Upah adalah sumber kehidupan buruh dan keluarganya. Ketika perusahaan menunda pembayaran gaji, maka yang tertunda bukan hanya angka di rekening, tetapi kebutuhan makan, biaya sekolah anak, cicilan rumah, hingga kesehatan keluarga pekerja.
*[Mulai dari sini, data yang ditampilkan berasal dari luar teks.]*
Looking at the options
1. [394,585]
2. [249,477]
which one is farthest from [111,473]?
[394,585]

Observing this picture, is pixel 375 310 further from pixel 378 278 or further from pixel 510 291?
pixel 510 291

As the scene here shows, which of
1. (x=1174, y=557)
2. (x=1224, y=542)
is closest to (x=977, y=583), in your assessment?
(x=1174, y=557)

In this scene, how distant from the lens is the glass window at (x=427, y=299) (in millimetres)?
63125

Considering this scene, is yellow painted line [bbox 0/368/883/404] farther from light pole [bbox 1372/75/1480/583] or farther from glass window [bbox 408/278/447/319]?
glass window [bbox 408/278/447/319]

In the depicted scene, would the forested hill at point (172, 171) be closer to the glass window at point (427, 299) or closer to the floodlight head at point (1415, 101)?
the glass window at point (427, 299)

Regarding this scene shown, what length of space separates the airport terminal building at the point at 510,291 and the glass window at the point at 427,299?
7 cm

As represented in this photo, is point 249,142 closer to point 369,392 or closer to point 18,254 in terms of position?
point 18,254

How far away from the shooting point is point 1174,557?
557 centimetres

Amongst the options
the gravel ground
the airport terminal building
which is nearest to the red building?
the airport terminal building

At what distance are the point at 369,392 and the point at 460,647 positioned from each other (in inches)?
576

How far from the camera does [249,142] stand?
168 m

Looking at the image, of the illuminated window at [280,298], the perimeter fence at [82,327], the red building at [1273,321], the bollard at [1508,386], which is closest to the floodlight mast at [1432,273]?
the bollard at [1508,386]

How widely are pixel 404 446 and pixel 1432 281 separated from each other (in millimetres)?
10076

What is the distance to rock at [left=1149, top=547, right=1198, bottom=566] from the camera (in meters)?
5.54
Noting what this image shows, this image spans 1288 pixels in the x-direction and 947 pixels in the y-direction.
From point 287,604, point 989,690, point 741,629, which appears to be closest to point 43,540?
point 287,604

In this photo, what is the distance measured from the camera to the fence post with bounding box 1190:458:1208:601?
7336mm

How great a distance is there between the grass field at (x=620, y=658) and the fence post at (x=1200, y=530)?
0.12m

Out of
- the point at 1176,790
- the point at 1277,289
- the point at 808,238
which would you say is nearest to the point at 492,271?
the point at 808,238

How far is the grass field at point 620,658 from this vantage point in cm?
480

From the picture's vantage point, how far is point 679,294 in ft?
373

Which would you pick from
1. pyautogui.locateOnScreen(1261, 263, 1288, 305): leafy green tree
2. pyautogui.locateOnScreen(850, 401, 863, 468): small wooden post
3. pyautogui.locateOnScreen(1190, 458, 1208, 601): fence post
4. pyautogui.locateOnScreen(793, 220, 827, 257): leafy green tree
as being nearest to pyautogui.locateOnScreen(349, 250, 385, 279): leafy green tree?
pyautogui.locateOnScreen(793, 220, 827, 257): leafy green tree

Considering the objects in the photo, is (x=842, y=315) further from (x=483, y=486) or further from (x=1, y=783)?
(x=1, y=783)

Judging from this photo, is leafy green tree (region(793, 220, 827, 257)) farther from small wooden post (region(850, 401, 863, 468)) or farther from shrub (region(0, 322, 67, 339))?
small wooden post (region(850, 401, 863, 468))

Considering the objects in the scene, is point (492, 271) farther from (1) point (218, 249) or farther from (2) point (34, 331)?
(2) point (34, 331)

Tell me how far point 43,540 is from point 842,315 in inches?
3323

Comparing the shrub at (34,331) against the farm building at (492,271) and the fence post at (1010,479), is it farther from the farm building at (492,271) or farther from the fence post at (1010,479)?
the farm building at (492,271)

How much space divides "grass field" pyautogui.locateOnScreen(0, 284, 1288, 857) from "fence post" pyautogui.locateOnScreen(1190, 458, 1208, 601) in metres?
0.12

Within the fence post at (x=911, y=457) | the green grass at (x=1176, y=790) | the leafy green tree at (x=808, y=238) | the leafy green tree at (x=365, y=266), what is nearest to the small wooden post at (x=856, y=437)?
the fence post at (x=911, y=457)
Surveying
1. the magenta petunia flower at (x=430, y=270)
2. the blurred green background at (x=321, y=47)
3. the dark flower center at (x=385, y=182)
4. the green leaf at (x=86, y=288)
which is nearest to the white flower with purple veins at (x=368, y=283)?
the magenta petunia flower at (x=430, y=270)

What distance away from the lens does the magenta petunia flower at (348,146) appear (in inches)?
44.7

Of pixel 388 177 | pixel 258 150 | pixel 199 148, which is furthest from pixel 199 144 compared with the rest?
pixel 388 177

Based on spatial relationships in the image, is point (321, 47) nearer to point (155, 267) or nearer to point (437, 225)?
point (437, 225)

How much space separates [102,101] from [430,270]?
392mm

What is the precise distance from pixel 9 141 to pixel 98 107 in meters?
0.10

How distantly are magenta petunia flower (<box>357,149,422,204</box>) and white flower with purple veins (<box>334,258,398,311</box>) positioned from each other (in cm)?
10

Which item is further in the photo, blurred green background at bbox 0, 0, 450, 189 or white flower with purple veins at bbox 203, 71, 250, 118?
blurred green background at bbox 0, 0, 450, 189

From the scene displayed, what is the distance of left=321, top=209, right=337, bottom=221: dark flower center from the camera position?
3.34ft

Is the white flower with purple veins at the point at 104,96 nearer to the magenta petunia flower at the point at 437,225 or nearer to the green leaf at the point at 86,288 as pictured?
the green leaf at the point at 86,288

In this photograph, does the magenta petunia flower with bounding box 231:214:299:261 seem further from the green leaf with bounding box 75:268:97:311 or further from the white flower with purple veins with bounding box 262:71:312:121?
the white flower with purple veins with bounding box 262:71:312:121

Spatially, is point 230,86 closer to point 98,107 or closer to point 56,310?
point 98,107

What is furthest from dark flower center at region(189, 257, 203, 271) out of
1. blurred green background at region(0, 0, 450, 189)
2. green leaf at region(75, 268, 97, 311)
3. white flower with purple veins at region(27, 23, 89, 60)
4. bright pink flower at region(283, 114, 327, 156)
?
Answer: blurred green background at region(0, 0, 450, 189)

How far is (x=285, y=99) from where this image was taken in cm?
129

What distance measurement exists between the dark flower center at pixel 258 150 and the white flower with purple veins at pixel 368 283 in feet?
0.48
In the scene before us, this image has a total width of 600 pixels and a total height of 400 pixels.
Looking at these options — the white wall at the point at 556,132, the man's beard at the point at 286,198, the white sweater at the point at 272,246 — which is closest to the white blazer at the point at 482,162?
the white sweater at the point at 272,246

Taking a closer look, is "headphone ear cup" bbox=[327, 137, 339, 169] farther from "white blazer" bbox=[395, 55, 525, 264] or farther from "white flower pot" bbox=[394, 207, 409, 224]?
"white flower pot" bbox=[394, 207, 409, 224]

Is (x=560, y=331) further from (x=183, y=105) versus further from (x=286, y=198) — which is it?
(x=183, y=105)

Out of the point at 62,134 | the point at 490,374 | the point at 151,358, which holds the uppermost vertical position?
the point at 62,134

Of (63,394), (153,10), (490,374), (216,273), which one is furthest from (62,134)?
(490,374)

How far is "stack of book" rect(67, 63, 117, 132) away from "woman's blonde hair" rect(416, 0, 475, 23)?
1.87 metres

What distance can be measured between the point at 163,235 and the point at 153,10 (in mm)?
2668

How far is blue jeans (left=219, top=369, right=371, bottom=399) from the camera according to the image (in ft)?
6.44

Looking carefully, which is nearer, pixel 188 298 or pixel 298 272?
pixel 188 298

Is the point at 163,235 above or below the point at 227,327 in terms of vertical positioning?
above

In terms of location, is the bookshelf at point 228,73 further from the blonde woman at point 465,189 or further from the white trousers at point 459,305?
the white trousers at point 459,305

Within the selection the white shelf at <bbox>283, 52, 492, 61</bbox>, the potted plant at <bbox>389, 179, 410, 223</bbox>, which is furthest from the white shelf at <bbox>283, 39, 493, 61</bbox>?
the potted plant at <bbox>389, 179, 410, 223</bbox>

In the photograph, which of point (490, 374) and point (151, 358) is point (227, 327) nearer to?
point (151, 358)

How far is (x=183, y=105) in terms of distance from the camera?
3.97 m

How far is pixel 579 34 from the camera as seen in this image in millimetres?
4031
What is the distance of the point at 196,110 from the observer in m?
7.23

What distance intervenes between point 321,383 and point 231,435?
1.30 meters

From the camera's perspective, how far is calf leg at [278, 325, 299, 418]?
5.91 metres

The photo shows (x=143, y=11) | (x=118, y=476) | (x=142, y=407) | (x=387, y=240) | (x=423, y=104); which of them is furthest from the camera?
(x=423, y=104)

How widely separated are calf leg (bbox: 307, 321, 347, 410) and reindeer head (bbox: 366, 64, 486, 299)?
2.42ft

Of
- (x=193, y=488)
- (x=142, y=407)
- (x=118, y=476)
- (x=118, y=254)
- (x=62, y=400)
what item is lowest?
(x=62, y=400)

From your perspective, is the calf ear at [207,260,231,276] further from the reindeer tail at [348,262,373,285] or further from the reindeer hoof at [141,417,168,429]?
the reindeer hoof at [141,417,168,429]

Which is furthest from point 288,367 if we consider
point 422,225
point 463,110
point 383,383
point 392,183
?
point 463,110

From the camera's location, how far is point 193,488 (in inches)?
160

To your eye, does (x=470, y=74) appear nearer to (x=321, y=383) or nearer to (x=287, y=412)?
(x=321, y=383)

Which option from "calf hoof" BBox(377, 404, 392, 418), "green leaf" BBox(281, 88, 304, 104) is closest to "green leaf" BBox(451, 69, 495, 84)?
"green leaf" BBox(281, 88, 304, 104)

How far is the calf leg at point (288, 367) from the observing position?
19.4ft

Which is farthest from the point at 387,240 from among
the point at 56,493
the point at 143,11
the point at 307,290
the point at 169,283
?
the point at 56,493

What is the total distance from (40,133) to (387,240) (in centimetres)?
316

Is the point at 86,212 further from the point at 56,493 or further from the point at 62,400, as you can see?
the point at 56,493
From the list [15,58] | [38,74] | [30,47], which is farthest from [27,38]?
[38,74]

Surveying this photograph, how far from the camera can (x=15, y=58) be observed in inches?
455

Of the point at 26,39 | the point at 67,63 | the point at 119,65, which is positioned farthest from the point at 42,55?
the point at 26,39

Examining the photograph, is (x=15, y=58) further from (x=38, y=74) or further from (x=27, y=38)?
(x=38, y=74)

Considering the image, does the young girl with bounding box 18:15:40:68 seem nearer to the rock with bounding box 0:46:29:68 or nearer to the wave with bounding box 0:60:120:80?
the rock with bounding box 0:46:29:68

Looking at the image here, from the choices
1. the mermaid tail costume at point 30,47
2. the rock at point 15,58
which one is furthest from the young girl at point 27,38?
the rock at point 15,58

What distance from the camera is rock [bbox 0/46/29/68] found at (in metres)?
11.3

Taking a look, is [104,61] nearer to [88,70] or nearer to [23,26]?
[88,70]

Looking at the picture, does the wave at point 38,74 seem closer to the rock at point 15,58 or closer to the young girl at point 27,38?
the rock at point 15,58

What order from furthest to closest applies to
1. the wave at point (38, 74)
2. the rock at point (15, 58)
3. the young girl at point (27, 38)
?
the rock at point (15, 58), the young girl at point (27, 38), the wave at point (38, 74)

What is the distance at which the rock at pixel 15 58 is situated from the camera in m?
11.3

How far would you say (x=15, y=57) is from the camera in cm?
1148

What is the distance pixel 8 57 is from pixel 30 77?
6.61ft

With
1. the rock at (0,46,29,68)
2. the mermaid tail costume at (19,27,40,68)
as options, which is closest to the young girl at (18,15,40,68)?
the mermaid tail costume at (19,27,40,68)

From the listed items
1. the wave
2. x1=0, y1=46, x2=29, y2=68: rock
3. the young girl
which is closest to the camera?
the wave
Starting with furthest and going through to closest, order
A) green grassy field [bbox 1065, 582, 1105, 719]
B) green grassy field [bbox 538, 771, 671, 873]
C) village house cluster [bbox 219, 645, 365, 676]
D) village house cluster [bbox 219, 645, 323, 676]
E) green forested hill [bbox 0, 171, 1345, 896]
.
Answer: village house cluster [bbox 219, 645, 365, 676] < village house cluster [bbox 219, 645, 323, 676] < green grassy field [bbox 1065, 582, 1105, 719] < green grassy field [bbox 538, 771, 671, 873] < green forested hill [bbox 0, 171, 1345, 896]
PT. LCB wajib membayar upah tepat waktu sebagaimana diatur dalam regulasi ketenagakerjaan. Jika keterlambatan terus berulang, maka hal itu menunjukkan lemahnya tanggung jawab manajemen terhadap kesejahteraan pekerja.
“Buruh bukan mesin produksi yang bisa diperas tenaganya lalu diabaikan haknya. Keterlambatan upah adalah bentuk ketidakadilan industrial. Pemerintah Kabupaten Serang dan pengawas ketenagakerjaan harus hadir memastikan tidak ada lagi perusahaan yang menjadikan buruh sebagai penanggung krisis perusahaan," tutur Asep, kepada awak media, Selasa (12 Mei 2026).